The US Department of Defense (DoD) on Tuesday (7 January) has added China’s state-owned shipping company COSCO Shipping and two of its subsidiaries to its list of companies for allegedly having links to the Chinese military. 

The subsidiaries are COSCO SHIPPING (North America) and COSCO SHIPPING Finance. 

DoD released the update to the names of "Chinese military companies" operating directly or indirectly in the United States in accordance with the statutory requirement of Section 1260H of the National Defense Authorisation Act for Fiscal Year 2021. The Department said it will update the list with additional entities as appropriate. 

Updating the Section 1260H list of "Chinese military companies" is an important continuing effort in highlighting and countering the People’s Republic of China's (PRC) Military-Civil Fusion strategy, DOD added. 

The list also included other Chinese shipping-related companies such as shipbuilders China Shipbuilding Trading and China State Shipbuilding Corporation, oil company China National Offshore Oil Corporation (CNOOC), CNOOC China and CNOOC International Trading. 

Shipping container manufacturer China International Marine Containers (CIMC) was also included on the list of companies. 

In a response to the move, COSCO Shipping said it has noted the recent inclusion of the company and its subsidiaries to the sanctions list. 

“COSCO Shipping and its subsidiaries have consistently adhered to local laws and regulations, maintaining strict compliance in all international operations,” it said on its website.
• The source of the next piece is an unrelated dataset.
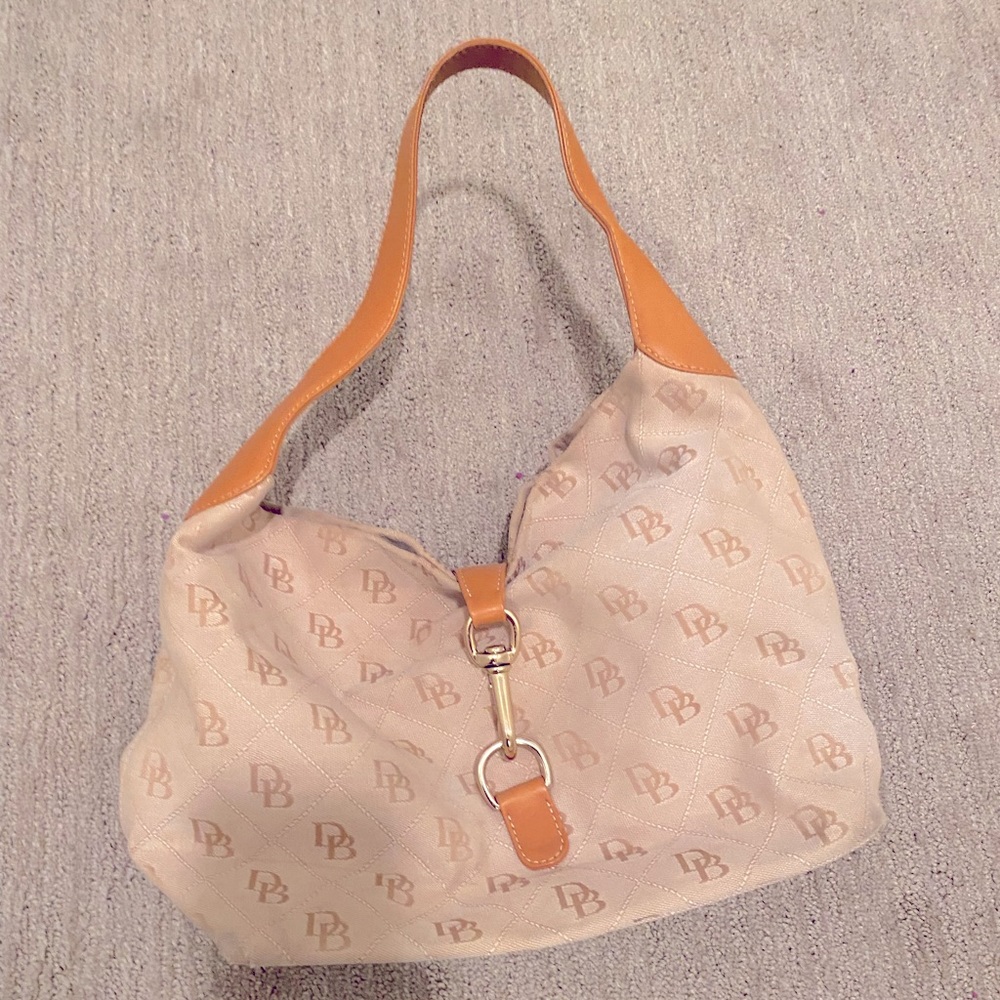 Dooney & Bourke bag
“We remain committed to facilitating global trade and providing high-quality commercial shipping and logistics services to clients worldwide, including agricultural producers, manufacturers, energy firms, retailers, and exporters in the United States.”

“We emphasise that none of the aforementioned companies are ‘Chinese military companies’. We will engage with U.S. authorities to clarify this matter. This designation does not impose sanctions or export controls, and our global operations will continue uninterrupted.”